Почему тетя поскользнулась на льду? Потому что лед скользкий. Это всем известно — никаких проблем. Но почему он такой? И вот тут возникает множество других вопросов, ведь в мире не так уж и много вещей таких же скользких, как лед… Настолько твердых и скользких.
А тут все дело вот в чем. Когда вы стоите на льду, давление вашего тела слегка подтапливает его; возникает водная пленка, на которой вы и поскальзываетесь. Почему она возникает на льду, а не на других поверхностях? Потому что при замерзании вода расширяется.
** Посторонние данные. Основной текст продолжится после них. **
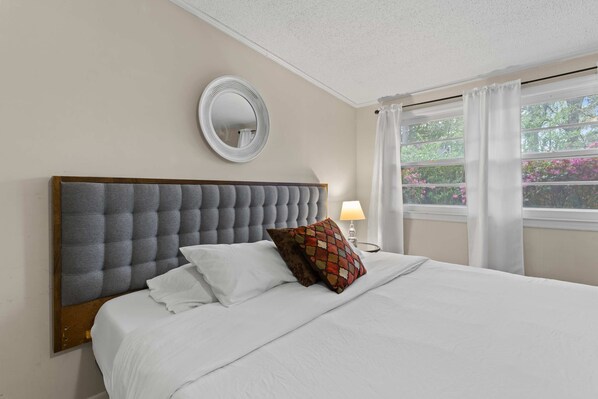 5 bedrooms, iron/ironing board, Internet, bed sheets - USC & Downtown Gem: Modern Family Home! (Columbia)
Когда возникает давление, расширение прекращается, и лед тает…
Я сейчас не отвечаю на ваш вопрос, а лишь показываю, как сложно на него ответить. Вы должны осознавать, что вам позволено знать, а куда лучше не заходить.
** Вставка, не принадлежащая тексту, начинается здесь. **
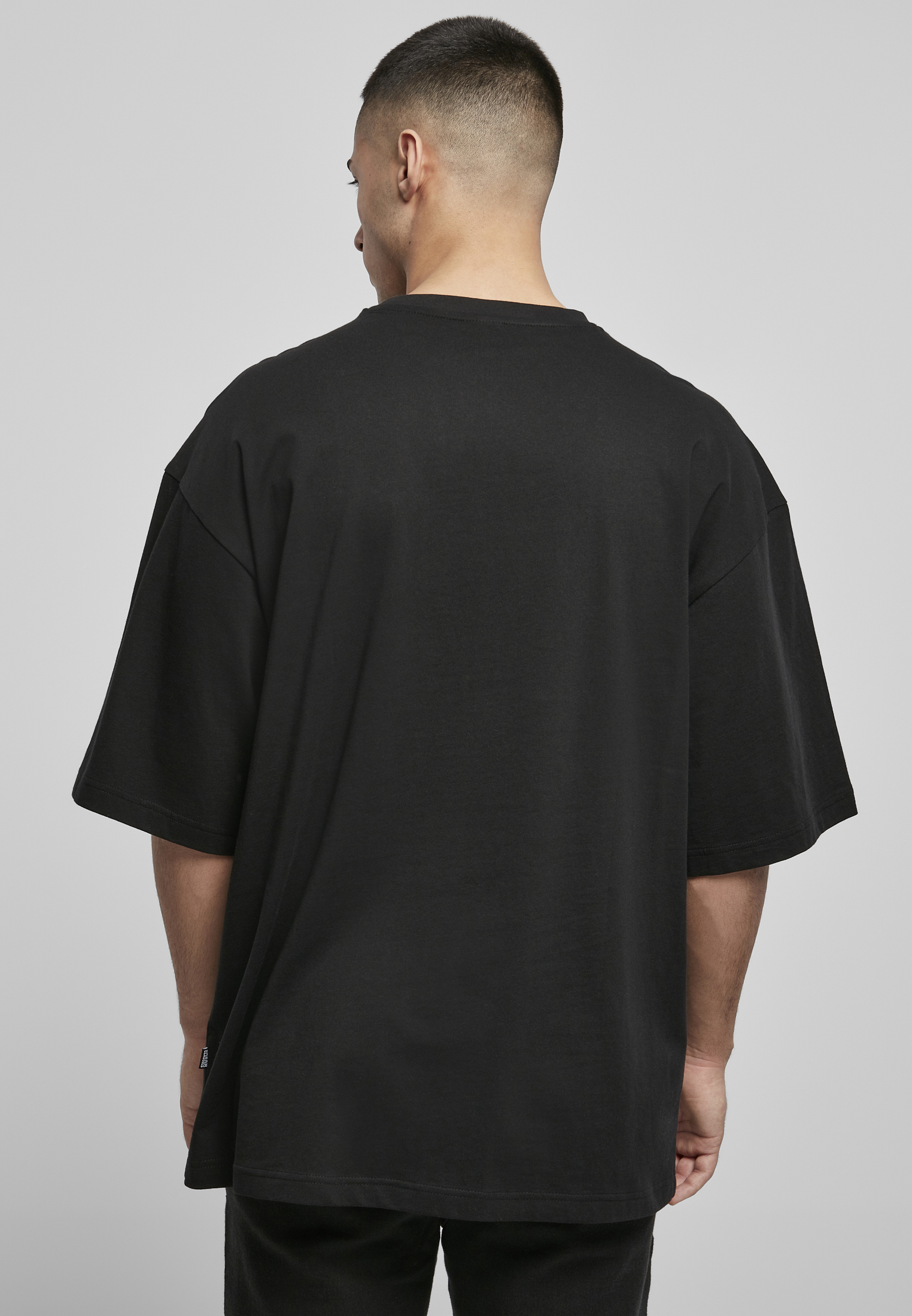 T-Shirts Big Double Pocket Tee in Farbe black/asphalt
На этом примере видно, что чем больше мы задаемся вопросом «почему», тем интереснее становятся рассуждения. Мне всегда казалось, что чем глубже проблема, тем она занимательнее…
Теперь вернемся к вашему вопросу — почему отталкиваются два магнита. Существует несколько уровней ответа; все зависит от того, кто вы — студент-физик или обычный человек, не обладающий знаниями в этой научной области.
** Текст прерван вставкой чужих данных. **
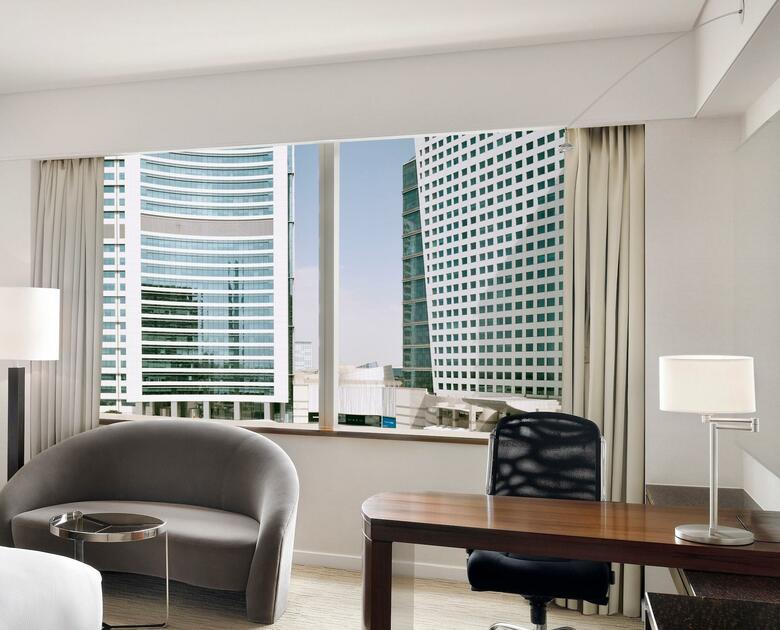 Hotel Crowne Plaza Festival City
В случае, если вы ничего не знаете, я могу лишь кратко ответить, что существует магнетизм — сила, заставляющая магниты отталкиваться. Пытаясь их сблизить, вы ощущаете эту силу. Вы скажете — это очень странно, ведь в других ситуациях я не чувствую ничего подобного… Вас, например, ни капли не тревожит тот факт, что, когда вы кладете руку на спинку стула, она тоже вас отталкивает. Если рассмотреть этот феномен подробнее, мы придем к выводу, что тут действует та же сила… И если я начну объяснять происходящее с точки зрения магнетизма и электрической силы, мне придется начать рассказывать о многих других вещах, потому что я копну глубже…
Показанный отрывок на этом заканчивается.